John Campos, the former vice-chairman of Utah’s SunFirst Bank, has been sentenced to three months in prison for his role in assisting online poker companies process payments to US customers. Campos, one of the original 11 figures indicted in the April 15, 2011 legal actions known as Black Friday, learned his fate in a Manhattan courtroom on Wednesday. In handing down the sentence, Judge Lewis Kaplan noted that Campos didn’t personally profit all that much from his involvement in the scheme, but that didn’t absolve him of guilt in a “greed-driven crime.” Originally facing multiple felony counts, Campos reached a plea agreement with prosecutors this March in which he would plead guilty to a single misdemeanor count of “causing a bank insured by the Federal Deposit Insurance Corporation to process illegal gambling transactions.”
THAT’S HOW THE BOOKIE CRUMBLES
In other New York court action, Staten Island resident Charles Cicalo pled guilty to ‘first degree promoting gambling’ and agreed to forfeit $1.3m in unlawful profits earned from illegal bookmaking. Cicalo had been facing a possible 25-year sentence, but the deal with Queens D.A. Richard A. Brown means Cicalo is looking at a one- to three-year prison stint when he’s sentenced on Sept. 6.

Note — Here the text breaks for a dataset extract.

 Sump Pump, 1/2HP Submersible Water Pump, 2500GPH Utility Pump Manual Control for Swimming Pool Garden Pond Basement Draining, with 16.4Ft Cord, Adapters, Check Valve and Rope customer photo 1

Cicalo ran a credit-betting operation that took bets via two Costa Rica-based websites – crownsports.com and jazzsports.com – while retaining the services of “super agents” to collect and distribute money to and from punters in the US. The operation was taken down in April 2010 when police made 26 arrests, 24 of which have since resulted in convictions. One of Cicalo’s super agents remains at large. Combined, the operators have forfeited $2.7m. Authorities say the operation took in $154m over its three years of operation.
EVERYTHING’S BIGGER IN TEXAS
In Texas, a similar operation is accused of processing wagers totaling over $1b between Sept. 2009 and Sept. 2010, with $50m of that being held by the perpetrators. Interestingly, criminal charges have yet to be filed – all information surrounding the case comes from a list of assets seized by the Internal Revenue Services’ criminal investigations division during two sets of raids in March 2011 and January 2012. IRS agents claim the Dallas/Fort Worth-area operation, which is believed to have been in action since 2002, involved 22 individuals utilizing 25 separate websites and a toll-free telephone number in the Dutch-controlled island of Curacao in the Caribbean. NBC affiliate KXAS’ Scott Gordon says the phone number received an average of 20k calls per month, ranging as high as 35k per month.

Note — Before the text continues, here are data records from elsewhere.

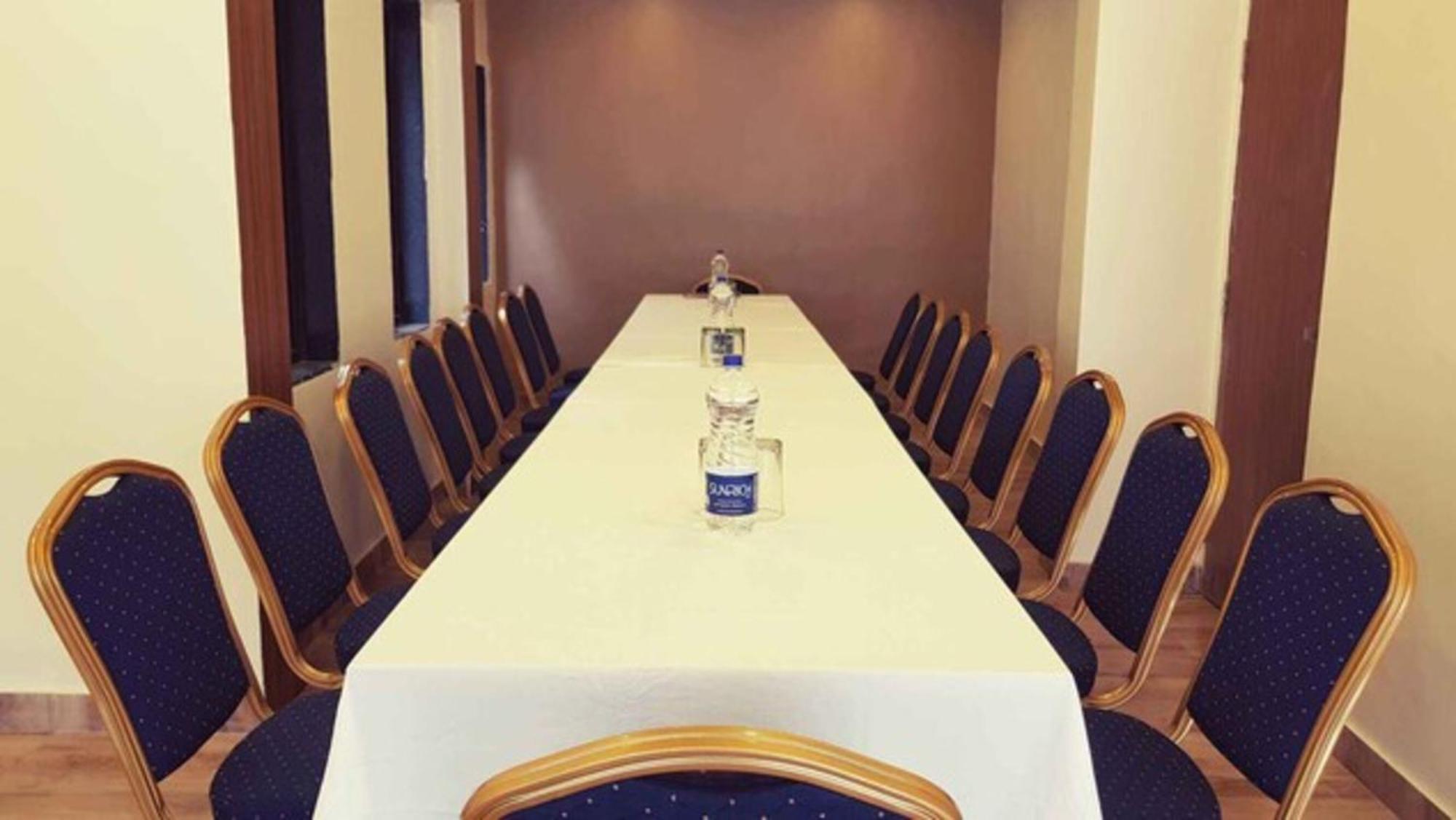 Hotel Ashoka, Pune Yerandwane Ngoại thất bức ảnh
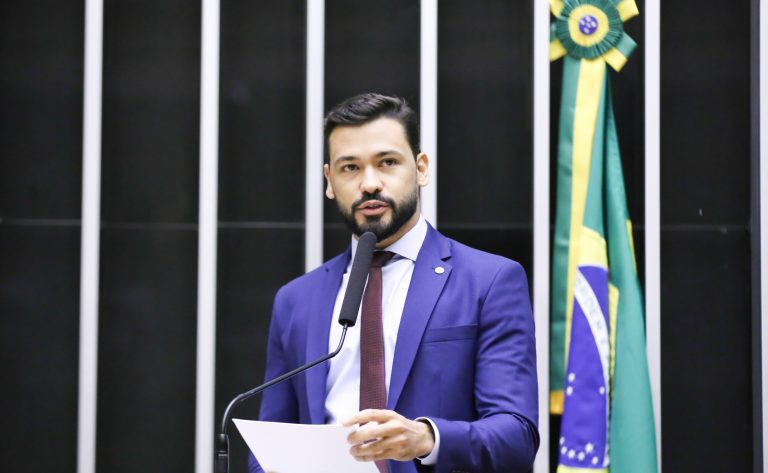 Projeto prevê regras para exame da produção agrícola após enchentes
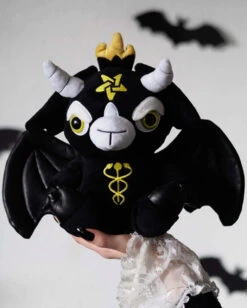 Baby Dark Lord Kuscheltier KILLSTAR -FaschingFreude Verkäufe killstar baby dark lord kuscheltier killstar kreeptures gothic plueschtier gotik geschenkidee 52494 3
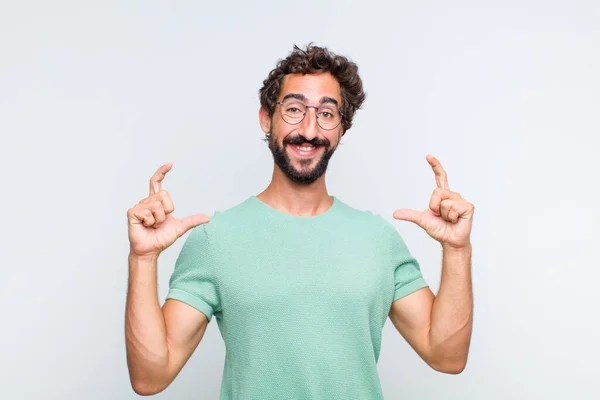 Hombre Barbudo Joven Enmarcando Esbozando Propia Sonrisa Con Ambas Manos — Foto de Stock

Many of the individuals whose assets were seized by the IRS have filed suit to compel the IRS to return their property, which includes cash, cars, computers, jewelry, collectible coins and silver bars. Among those seeking redress is poker pro Gregg Merkow, whose live tournament honors include a $561k payday for winning a WSOP Circuit NLHE Championship in 2005. Merkow claims the IRS is holding “numerous” gold coins and $233k in cash, which Merkow claims he needs to practice his profession.

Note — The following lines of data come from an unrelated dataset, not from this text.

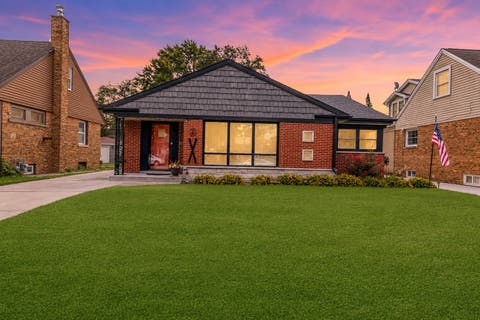 Photo of 237 N Hamlin Avenue, Park Ridge, IL 60068 (MLS # 12711530)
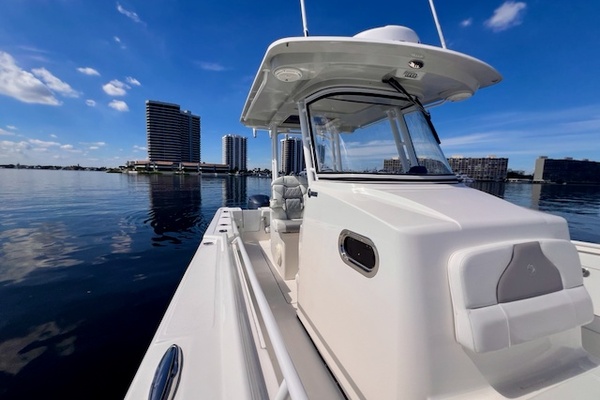 32ft Edgewater Yacht For Sale
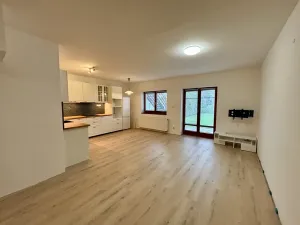 Prodej bytu 4+kk, Jesenice, Za Rybníkem, 104 m2
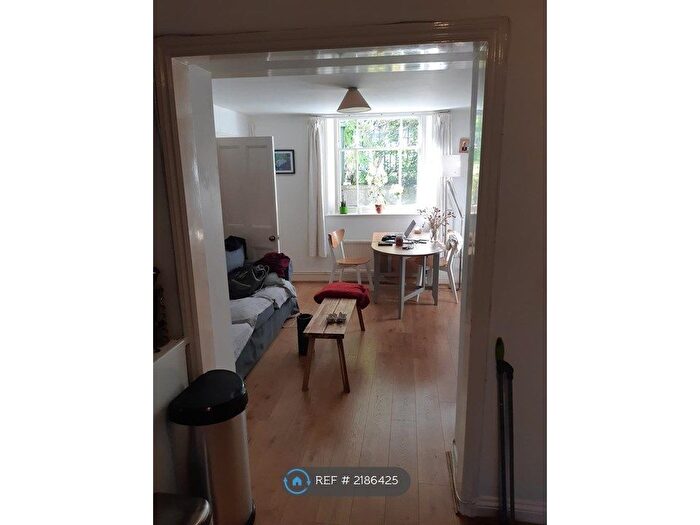1 Bedroom Flat To Rent In Oval, London, SE11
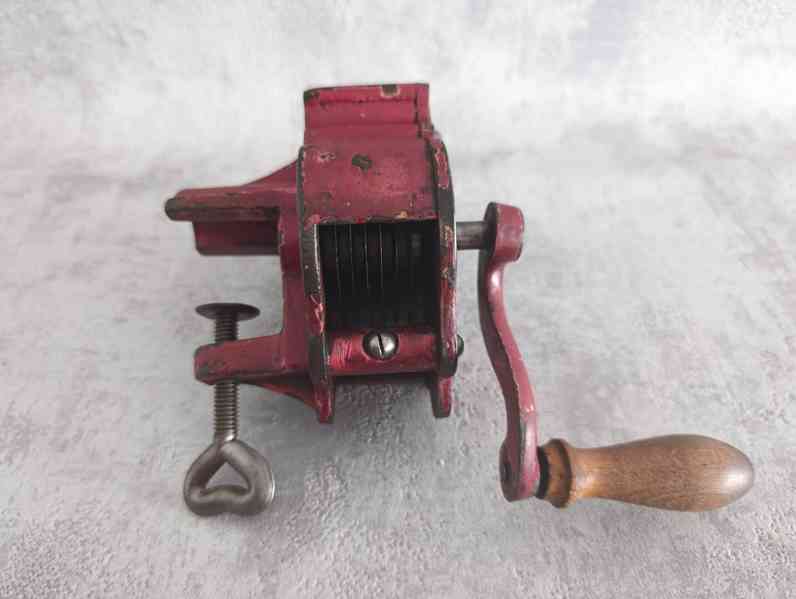 Zachovalý mlýnek zřejmě na fazolové lusky ALEXANDERWERK - foto 11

Attorneys for many of those allegedly involved in the bookmaking operation are claiming that their clients were unaware that what they were doing was illegal. One of the websites connected with the operation, DMNonthenet.com, is still active, having shifted from Curacao to Costa Rica following the March 2011 IRS raids. The IRS has yet to prove anyone involved in the operation committed a criminal act, although attorneys for some of those who had assets seized say they expect prosecutors to file indictments in the coming weeks.